The OIG developed a Human Resource Risk Model (risk model) to monitor key Postal Service metrics, including unscheduled leave that could potentially affect productivity, efficiency, costs, and employee morale. For all four quarters in fiscal year (FY) 2016, the risk model identified the Los Angeles District in the Pacific Area as having the third highest percentage of unscheduled leave in the Postal Service. This is the second in a series of unscheduled leave audits.
Our objective was to conduct a follow-up audit to assess the management of unscheduled leave in the Los Angeles District and identify opportunities to reduce unscheduled leave and its associated costs. In addition, we will assess whether management effectively implemented the recommendations in a prior management advisory report (Unscheduled Leave Activity in the Los Angeles District, Report Number HR-MA-14-004, February 6, 2014).
What the OIG Found
The Los Angeles District did not adequately manage excessive unscheduled leave. This leave could be reduced to acceptable levels by appropriately completing required forms, enforcing disciplinary actions, and providing supervisors with sufficient training. In addition, Los Angeles District management did not effectively implement recommendations from our prior OIG management alert.
We determined that employees with a combined 88 or more occurrences of unscheduled leave during FYs 2015 and 2016 to be excessive. In FY 2016, 500 of the district’s 8,900 employees (or 6 percent) had excessive unscheduled leave, which comprised 314,431 of 880,316 total unscheduled leave hours (or 36 percent).
The top three unscheduled leave types recorded for the 500 employees were absent without leave, sick leave, and full day leave without pay, which represented 280,228 of 314,431 of their unscheduled leave hours taken (or 89 percent).

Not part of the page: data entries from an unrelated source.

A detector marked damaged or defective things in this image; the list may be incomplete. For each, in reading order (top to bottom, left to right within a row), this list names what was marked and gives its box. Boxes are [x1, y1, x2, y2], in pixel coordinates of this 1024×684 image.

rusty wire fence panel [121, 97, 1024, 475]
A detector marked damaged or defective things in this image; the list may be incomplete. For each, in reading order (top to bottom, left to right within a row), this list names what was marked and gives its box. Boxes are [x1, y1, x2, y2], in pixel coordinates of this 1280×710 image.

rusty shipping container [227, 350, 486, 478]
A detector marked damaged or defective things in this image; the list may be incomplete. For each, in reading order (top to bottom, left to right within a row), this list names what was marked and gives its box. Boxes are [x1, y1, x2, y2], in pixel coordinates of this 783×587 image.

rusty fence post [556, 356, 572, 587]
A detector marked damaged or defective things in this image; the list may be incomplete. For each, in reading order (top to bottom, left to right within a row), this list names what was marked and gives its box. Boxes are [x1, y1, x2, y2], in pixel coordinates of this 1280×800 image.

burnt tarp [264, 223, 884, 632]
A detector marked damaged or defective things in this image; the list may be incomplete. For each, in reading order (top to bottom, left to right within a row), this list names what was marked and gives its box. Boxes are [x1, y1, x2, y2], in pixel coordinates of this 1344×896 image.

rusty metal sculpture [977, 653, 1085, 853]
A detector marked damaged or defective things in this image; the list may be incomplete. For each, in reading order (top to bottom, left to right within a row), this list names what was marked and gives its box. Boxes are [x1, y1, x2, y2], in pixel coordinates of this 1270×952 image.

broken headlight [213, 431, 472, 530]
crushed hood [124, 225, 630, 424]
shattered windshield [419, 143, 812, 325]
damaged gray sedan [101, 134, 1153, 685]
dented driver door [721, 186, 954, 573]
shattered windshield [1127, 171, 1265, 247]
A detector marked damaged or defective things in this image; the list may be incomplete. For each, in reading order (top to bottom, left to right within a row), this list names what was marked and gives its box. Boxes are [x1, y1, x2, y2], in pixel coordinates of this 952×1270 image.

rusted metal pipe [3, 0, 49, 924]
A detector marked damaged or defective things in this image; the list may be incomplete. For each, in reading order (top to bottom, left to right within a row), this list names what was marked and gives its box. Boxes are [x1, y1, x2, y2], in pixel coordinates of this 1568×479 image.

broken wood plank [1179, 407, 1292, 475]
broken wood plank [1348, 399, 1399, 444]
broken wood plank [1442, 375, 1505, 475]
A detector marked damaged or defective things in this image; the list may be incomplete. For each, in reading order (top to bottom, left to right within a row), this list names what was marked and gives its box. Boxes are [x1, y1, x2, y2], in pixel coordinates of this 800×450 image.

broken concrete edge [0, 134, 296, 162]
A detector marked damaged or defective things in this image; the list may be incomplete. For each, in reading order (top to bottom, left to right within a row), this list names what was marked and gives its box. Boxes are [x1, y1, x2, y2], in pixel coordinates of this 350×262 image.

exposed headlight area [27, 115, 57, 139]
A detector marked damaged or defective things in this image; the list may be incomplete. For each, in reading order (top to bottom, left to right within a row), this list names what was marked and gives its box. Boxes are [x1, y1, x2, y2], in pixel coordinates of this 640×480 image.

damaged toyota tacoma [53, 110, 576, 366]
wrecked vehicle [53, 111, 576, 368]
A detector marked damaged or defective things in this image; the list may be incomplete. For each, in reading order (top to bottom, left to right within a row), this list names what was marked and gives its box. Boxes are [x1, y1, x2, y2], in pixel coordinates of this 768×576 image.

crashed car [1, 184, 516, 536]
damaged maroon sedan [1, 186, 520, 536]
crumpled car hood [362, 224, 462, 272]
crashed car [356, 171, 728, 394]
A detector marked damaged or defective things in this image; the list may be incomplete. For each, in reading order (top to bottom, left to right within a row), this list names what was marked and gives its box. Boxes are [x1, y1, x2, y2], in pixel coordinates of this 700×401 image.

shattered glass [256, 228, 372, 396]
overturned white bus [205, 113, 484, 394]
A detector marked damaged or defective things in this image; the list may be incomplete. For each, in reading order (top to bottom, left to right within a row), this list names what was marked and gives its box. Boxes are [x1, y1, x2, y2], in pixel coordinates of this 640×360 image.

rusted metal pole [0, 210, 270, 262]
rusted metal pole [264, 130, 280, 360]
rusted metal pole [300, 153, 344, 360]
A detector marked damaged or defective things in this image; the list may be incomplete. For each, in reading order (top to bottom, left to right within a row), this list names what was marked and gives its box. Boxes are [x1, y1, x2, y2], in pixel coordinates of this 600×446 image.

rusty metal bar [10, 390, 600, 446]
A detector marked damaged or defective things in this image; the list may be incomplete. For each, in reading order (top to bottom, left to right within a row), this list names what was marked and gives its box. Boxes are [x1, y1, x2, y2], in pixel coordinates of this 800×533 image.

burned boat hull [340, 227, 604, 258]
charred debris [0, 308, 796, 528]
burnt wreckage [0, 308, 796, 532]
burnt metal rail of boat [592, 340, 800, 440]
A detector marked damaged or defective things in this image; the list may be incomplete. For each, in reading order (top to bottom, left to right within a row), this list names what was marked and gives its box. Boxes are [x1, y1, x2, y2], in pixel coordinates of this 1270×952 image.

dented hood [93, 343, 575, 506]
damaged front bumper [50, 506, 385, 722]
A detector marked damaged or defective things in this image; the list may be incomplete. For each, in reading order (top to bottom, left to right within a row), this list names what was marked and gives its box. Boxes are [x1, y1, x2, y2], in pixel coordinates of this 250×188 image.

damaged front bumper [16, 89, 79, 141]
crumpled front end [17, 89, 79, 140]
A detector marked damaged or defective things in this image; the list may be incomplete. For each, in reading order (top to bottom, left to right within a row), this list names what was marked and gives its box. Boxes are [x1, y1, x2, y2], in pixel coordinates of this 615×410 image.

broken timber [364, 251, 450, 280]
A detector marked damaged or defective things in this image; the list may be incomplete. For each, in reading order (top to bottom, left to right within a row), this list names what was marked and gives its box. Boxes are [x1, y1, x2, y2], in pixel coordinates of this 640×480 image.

This occurred because Postal Service supervisors did not properly complete, approve, and maintain copies of Postal Service Forms 3971, Request for or Notification of Absence, which they were required to complete when employees returned to work; did not take appropriate disciplinary action against employees with excessive leave; and did not receive sufficient training on the unscheduled leave systems/processes or the disciplinary process.
Mangers at the site with low unscheduled leave occurrences stated to reinforce the policy, they reviewed call-ins every morning and made an effort to obtain employees’ signature on PS Forms 3971 upon their return to work. These practices have led to the facility having employees using a low amount of unscheduled leave.
In addition, the current oversight process for district managers to monitor unscheduled leave activity is not effective to ensure adherence to policy, adequate monitoring, or promote accountability. District Labor Relations agreed to conduct reviews of the facilities with the highest amount of unscheduled leave monthly; however, they only conducted reviews quarterly of random facilities.
In FY 2016, per our risk model, 5 percent of the employees in the Pacific Area had 20 or more unscheduled leave occurrences per 100 employees, whereas 14 percent of the Los Angeles District’s employees had 20 or more occurrences per 100 employees.
By reducing the Los Angeles District’s unscheduled leave occurrence percentage per 100 employees to that of the Pacific Area, the Los Angeles District would reduce their excessive unscheduled leave hours by 62 percent (or 116,426 hours). These hours cost the Postal Service about $2.5 million in labor and overtime costs during FY 2016.
During the audit, in efforts to reduce unscheduled leave, management implemented corrective actions of implementing a process to realign resources to match workload, and issuing three memorandums regarding approving and monitoring overtime and leave without pay. However, additional actions are warranted to fully address the factors that contributed to excessive unscheduled leave use.
What the OIG Recommended
We recommended management issue guidance and require managers and supervisors to attend training that reiterate policies and processes for managing and documenting unscheduled leave and initiating appropriate disciplinary actions. We also recommended enhancing the district’s current review process to promote supervisor accountability to follow policies for managing unscheduled leave and initiating appropriate disciplinary action.